Understandably nervous given her first time to testify, she was composed, forthright and honest. Her partner who had actually discovered the drug evidence was not available to testify and the defense attorney attempted to rattle her by implying there was a dishonest reason why he did not appear (he was on vacation). Officer Rios truly did the department proud by holding her own.
Unfortunately one juror could not get past a particular point in the instructions we were given by the judge which led to a hung jury. All jurors unanimously believed Officer Rios and with eleven opinions of guilty, her actions went a long way to sending a message to the defendant and his attorney.
One may ask why an every day citizen would be so impressed by the process of what the media and others would regard as a small case that probably should have not gone to trial, but this experience did turn into an opportunity for this citizen to appreciate the everyday details of how officers are trained and how those small things lead to the safety and security of our communities.
Officer Rios should be commended for not only the credence she contributed to this case, but the credence she contributed to the entire department.

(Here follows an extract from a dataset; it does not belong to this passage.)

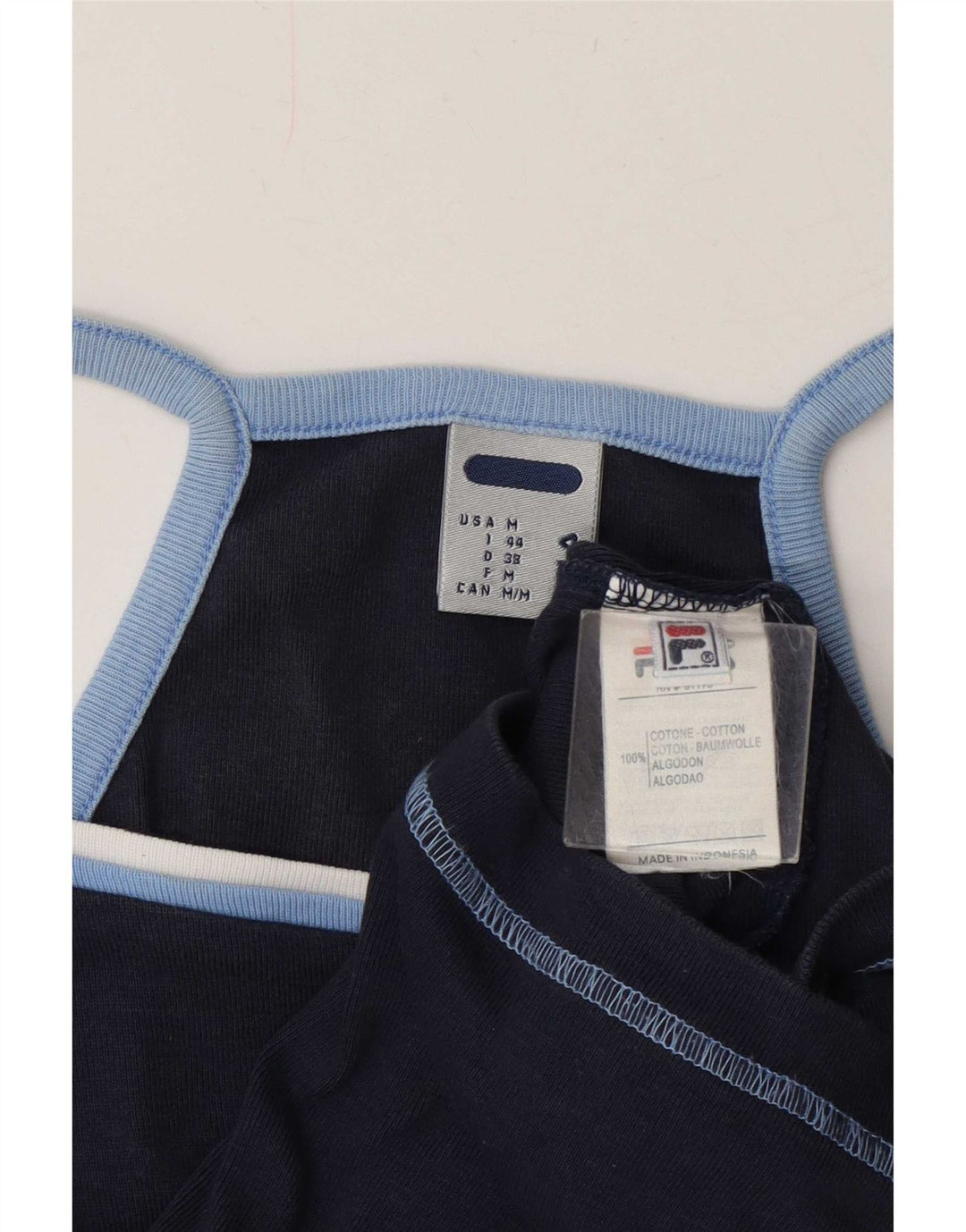 Fila Femme Cami Top UK 12 Moyen Bleu Marine Coton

All officers have such a tough job amist tough critics and every day you carry the burden of proof beyond a reasonable doubt more on your shoulders than anyone. While Officer Rios's individual integrity stood out to this citizen this week, I am certain that her performance also speaks volumes for her mentors in the LAPD. As a citizen of Los Angeles County and one who spends a good deal of time in the City of Los Angeles I appreciate the efforts of the LAPD to raise the standards and expectations of law enforcement everywhere.
Most citizens go to jury duty and come away uninspired, but this week was different because one of the LAPD rose above her call.
Respectfully,
Julie Root
As a candidate in the hiring process with LAPD, reading comments such as these are truly inspirational. I read many messages on this blog from appearantly jaded, (experienced?) officers with years of service, and years of complaints to go with them. To see that there are still officers out there making a difference is refreshing and re-enforces my decision to pursue a career with LAPD. Thanks to both Officer Rios for doing her job well, and Mrs. Root for bringing her behavior to light. It's nice to still see LAPD as an example to be followed.

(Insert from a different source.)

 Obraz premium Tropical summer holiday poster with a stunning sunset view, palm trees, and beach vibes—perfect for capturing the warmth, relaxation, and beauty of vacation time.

Posted by: LAPD Hopeful | July 21, 2024 at 10:30 PM
It sounds like the DA might have been a rookie as well. Why were the Pubic Defender's slanderous comments allowed?
How did the Judge let this slide?
Posted by: Algonquin J. Calhoun | July 24, 2024 at 11:27 AM
To LAPD hopeful, before you start criticizing tenured officers for having an opinion and outlook, get hired and work as we do. The realty of Police work is, it is not always pretty and experienced officers take this career to heart and with that comes emotion. It is very upsetting when good officers are wronged, either by the city or criminals. A piece of advice be open and listen and don't start judging those who have walked the walk, before you have even started to crawl. Please read the following it might expand on why officers become the way they do. These officers are all friends of mine and there are more officers who lives were nearly ruined because of the gangster Perez and I.A.

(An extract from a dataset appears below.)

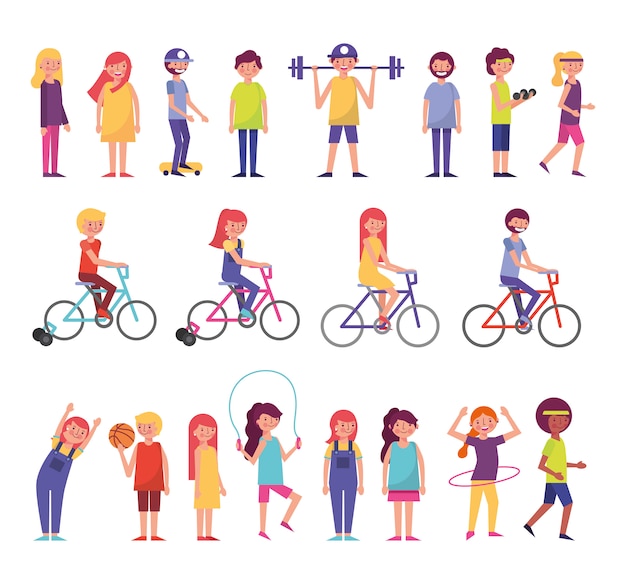 Bundel van commnuity-mensen die activiteiten doen Gratis Vector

Rampart scandal not what it seems
LA Daily News (Guest Column)
BY JOSEPH Y. AVRAHAMY, Guest Columnist
IN reading the recent news stories regarding the Blue Ribbon Rampart Review Panel Report, it is clear that truth about the Rampart scandal has yet to be uncovered.
The report, based on the findings of the Blue Ribbon Rampart Review Panel, continues to characterize the Rampart corruption scandal as "one of the most serious police corruption scandals in American history." This characterization perpetuates the 7-year-old myth that Rafael Perez exposed wide-scale corruption in the Rampart CRASH unit.
But the real truth of the Rampart scandal is reflected in a $15 million malicious-prosecution award that a jury returned on behalf of three innocent police officers who were implicated by Perez during the scandal. As an attorney, I represented those three officers, and their story tells us much about Rampart that can't be found in the panel's report.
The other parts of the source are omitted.